Noir à la Lubitsch
BAB 1: Setelan Hitam dan Senyum Tipis
Paris, 1938. Kabut tipis menggantung di antara lengkungan jembatan Pont Neuf, sementara lampu-lampu jalan menyulap bayangan panjang di permukaan batu basah. Dalam kabut dan siluet malam, berdiri seorang pria dengan setelan rapi, dasi kupu-kupu, dan senyum yang tak jelas artinya.
Namanya Lucien Delorme. Ia bukan detektif, bukan pula penjahat. Ia seseorang yang menyukai komplikasi, terutama yang beraroma parfum mahal dan kebohongan lembut.

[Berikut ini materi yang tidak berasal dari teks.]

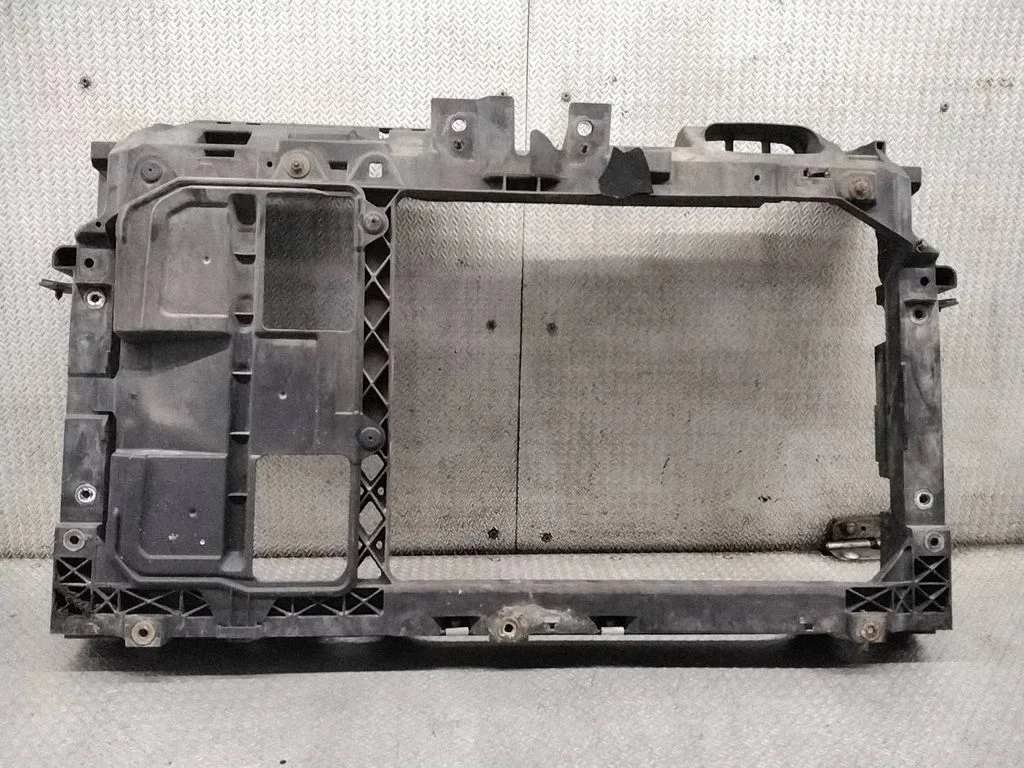 Radiatoru panelis D65153115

Lucien selalu berkata, “Hidup ini terlalu singkat untuk kejujuran yang membosankan.”
Di sebuah kafe bernama Le Canapé Rouge, dia bertemu muse-nya malam itu: seorang wanita bergaun sutra merah dengan mata seperti anggur tua—manis, pahit, dan memabukkan. Namanya: Claire Moreau.
“Aku dengar kau bisa menyembunyikan rahasia seperti menyembunyikan botol sampanye dalam mantel wol,” katanya sambil duduk tanpa diundang.
Lucien tersenyum. “Dan kau pasti seseorang yang suka membocorkan keduanya.”
BAB 2: Piano, Peluru, dan Permainan Kata
Claire tidak datang untuk bercumbu. Ia membawa masalah. Suaminya, seorang bankir kaya, hilang secara misterius. Tidak ada surat, tidak ada jejak. Tapi entah mengapa, ia tidak terlihat sedih. Hanya gelisah, seperti aktris panggung yang lupa naskahnya.
Lucien bukan penyelidik, tapi ia terlalu penasaran. Terutama karena Claire menyelipkan selembar foto di bawah cangkir espresso-nya. Foto itu menunjukkan pria itu sedang tertawa bersama seorang wanita lain—bukan Claire.
“Siapa dia?” tanya Lucien.
Claire meneguk minuman kerasnya dan berbisik, “Kekasihnya. Atau mungkin pembunuhnya. Aku tak peduli mana.”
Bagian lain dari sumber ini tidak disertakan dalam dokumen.